Donghyuck kicks Jaemin hard under the table, but it’s too late. The damage has been done, and Donghyuck looks over to see Mark blinking at them. “Uh. I can explain.”

“Shit, sorry, could you explain to me another time? We should probably get going.” Mark checks his watch. “Yukhei and I have an IM game tonight and we might be late if we don’t grab dinner soon.”

“But—”

“Sorry for interrupting your dinner, you two! It was good seeing you outside of the office, Donghyuck!” And with a final parting wave, Mark’s disappeared around the corner, Yukhei in tow, and Donghyuck watches them leave just like he’s watched the potential of a relationship crash and burn in front of his eyes. Which he has.

He glares at Jaemin, who grins at him, completely oblivious to Donghyuck’s inner turmoil.

“Well, that went well. At least now we know he’s not dating Yukhei,” Jaemin muses, swirling his straw around his glass. “That would be so shitty. Not for him, I mean. For you.”

Donghyuck resists the urge to scream. Or to run out of the restaurant and flag the closest taxi and request to be driven to the airport so he can fly himself home to Jeju.
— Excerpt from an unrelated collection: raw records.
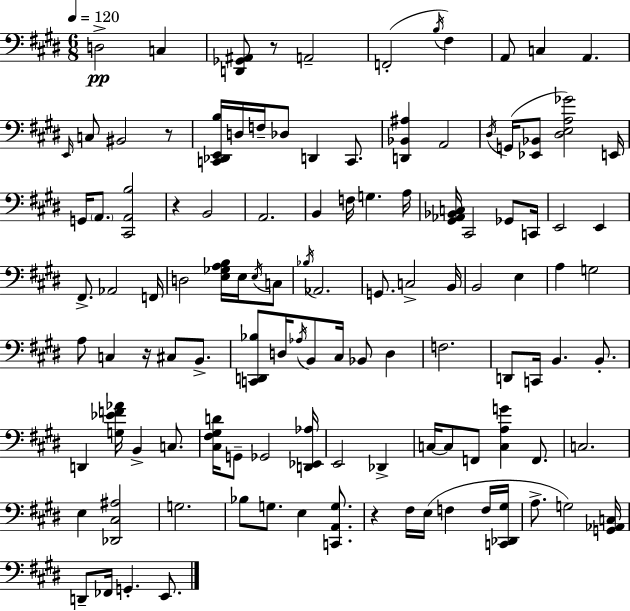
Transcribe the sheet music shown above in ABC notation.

X:1
T:Untitled
M:6/8
L:1/4
K:E
D,2 C, [D,,_G,,^A,,]/2 z/2 A,,2 F,,2 B,/4 ^F, A,,/2 C, A,, E,,/4 C,/2 ^B,,2 z/2 [C,,_D,,E,,B,]/4 D,/4 F,/4 _D,/2 D,, C,,/2 [D,,_B,,^A,] A,,2 ^D,/4 G,,/4 [_E,,_B,,]/2 [^D,E,A,_G]2 E,,/4 G,,/4 A,,/2 [^C,,A,,B,]2 z B,,2 A,,2 B,, F,/4 G, A,/4 [^G,,_A,,_B,,C,]/4 ^C,,2 _G,,/2 C,,/4 E,,2 E,, ^F,,/2 _A,,2 F,,/4 D,2 [E,_G,A,B,]/4 E,/4 E,/4 C,/2 _B,/4 _A,,2 G,,/2 C,2 B,,/4 B,,2 E, A, G,2 A,/2 C, z/4 ^C,/2 B,,/2 [C,,D,,_B,]/2 D,/4 _A,/4 B,,/2 ^C,/4 _B,,/2 D, F,2 D,,/2 C,,/4 B,, B,,/2 D,, [G,_EF_A]/4 B,, C,/2 [^C,^F,^G,D]/4 G,,/2 _G,,2 [D,,_E,,_A,]/4 E,,2 _D,, C,/4 C,/2 F,,/2 [C,A,G] F,,/2 C,2 E, [_D,,^C,^A,]2 G,2 _B,/2 G,/2 E, [C,,A,,G,]/2 z ^F,/4 E,/4 F, F,/4 [C,,_D,,^G,]/4 A,/2 G,2 [G,,_A,,C,]/4 D,,/2 _F,,/4 G,, E,,/2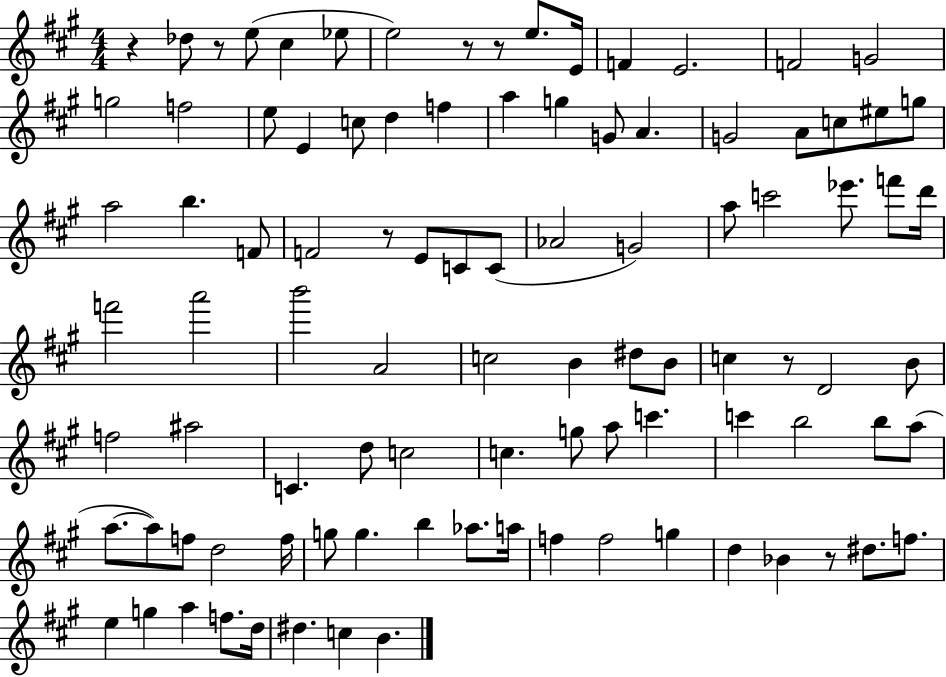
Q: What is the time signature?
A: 4/4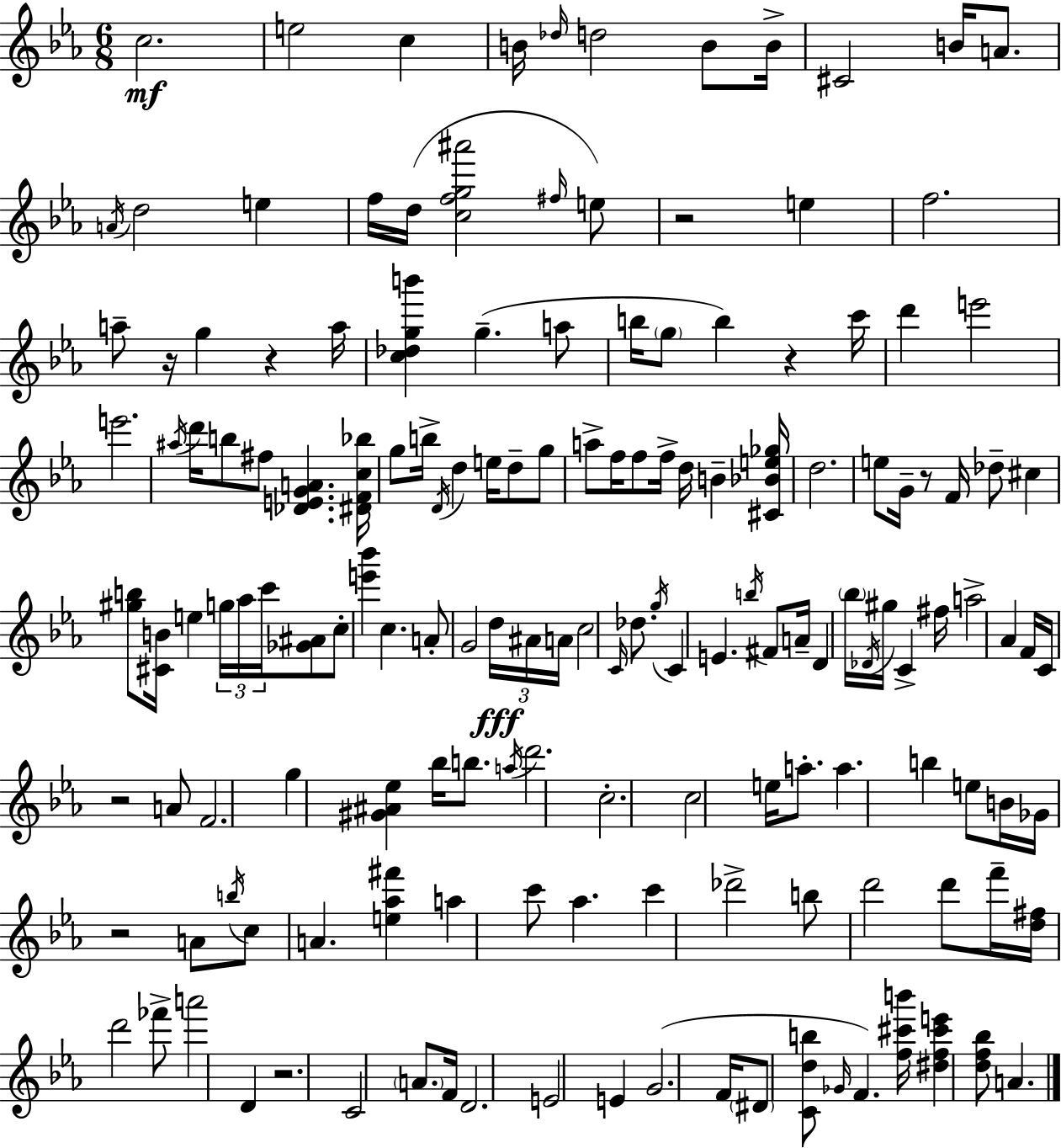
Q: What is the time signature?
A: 6/8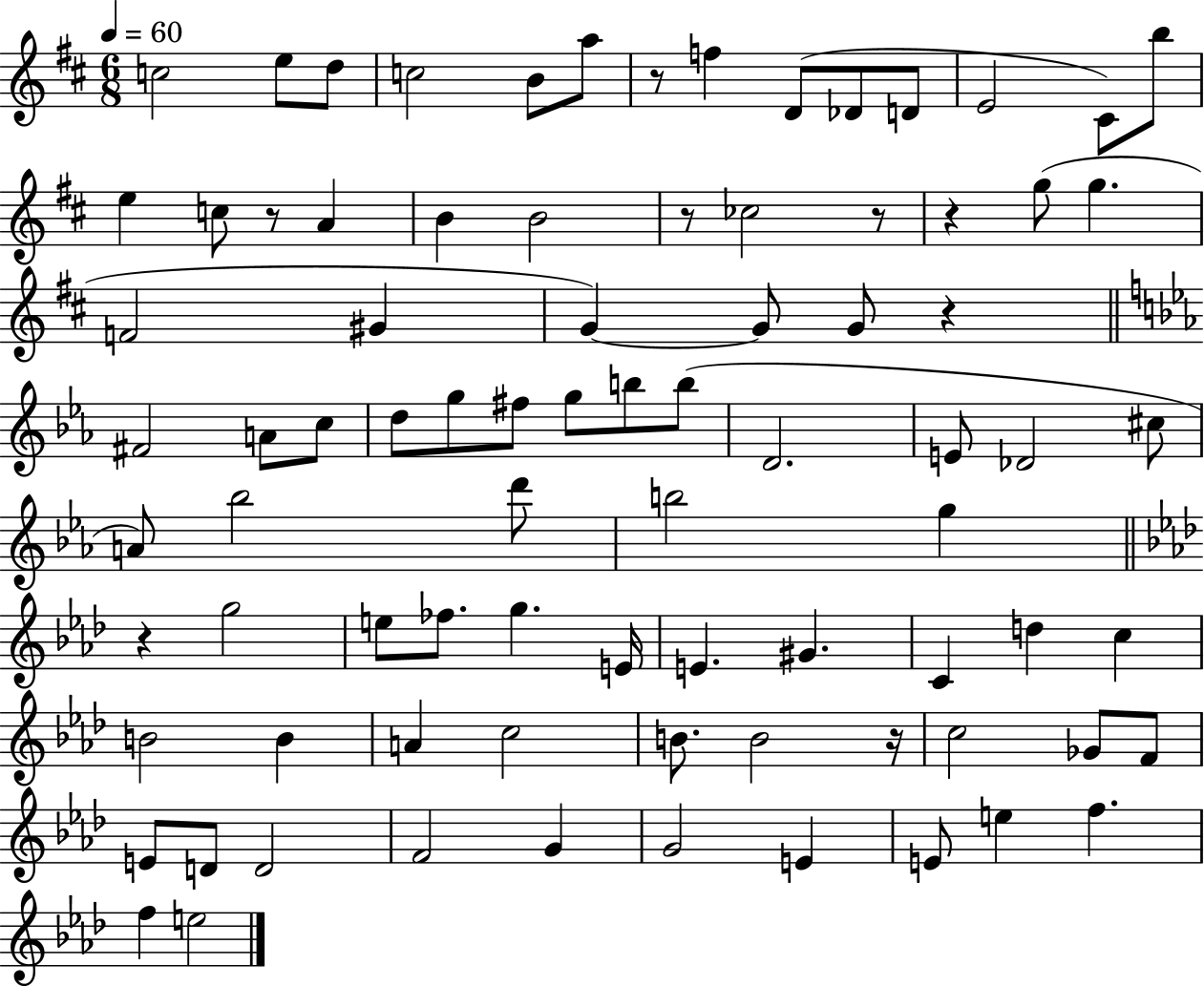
C5/h E5/e D5/e C5/h B4/e A5/e R/e F5/q D4/e Db4/e D4/e E4/h C#4/e B5/e E5/q C5/e R/e A4/q B4/q B4/h R/e CES5/h R/e R/q G5/e G5/q. F4/h G#4/q G4/q G4/e G4/e R/q F#4/h A4/e C5/e D5/e G5/e F#5/e G5/e B5/e B5/e D4/h. E4/e Db4/h C#5/e A4/e Bb5/h D6/e B5/h G5/q R/q G5/h E5/e FES5/e. G5/q. E4/s E4/q. G#4/q. C4/q D5/q C5/q B4/h B4/q A4/q C5/h B4/e. B4/h R/s C5/h Gb4/e F4/e E4/e D4/e D4/h F4/h G4/q G4/h E4/q E4/e E5/q F5/q. F5/q E5/h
Or to grab the butter knife right in front of him and stab it directly into the space where Jaemin’s heart would be if he even had one. Instead, he grabs Jaemin’s iced tea and downs the entire thing in one go, slamming the glass down on the table and making it rattle.

“Also, he asked if you were single! You’ve actually got a chance!”

That butter knife is looking so, so appealing right about now.

 

 

“About yesterday,” Donghyuck says, setting what’s left of his burrito down on the foil. Mark looks up from the remnants of his fish tacos. There’s a smudge of green sauce above his lip, and Donghyuck resists the very intense urge to lean over and wipe it off for him. “Wait, you have a—”

He gestures at his own lip, and Mark mirrors his motion before realizing what’s there and wiping it off with a tissue. “Thanks. What were you saying again?”

What was he saying again? Oh, right.

“Jaemin’s weird. Don’t take anything he said last night seriously.”

“Yeah?”

“Yeah. He’s annoying and literally out to ruin my life. Don’t make deals with demons.”

Mark wrinkles his nose. “He seemed pretty nice yesterday, though?”

“It’s all a lie! That’s just what he wants you to think!” Donghyuck reaches for one of Mark’s leftover chips, dunking it savagely into his sauce, and Mark makes an affronted noise. “Hey, you weren’t gonna eat it anyway. How was your IM game?”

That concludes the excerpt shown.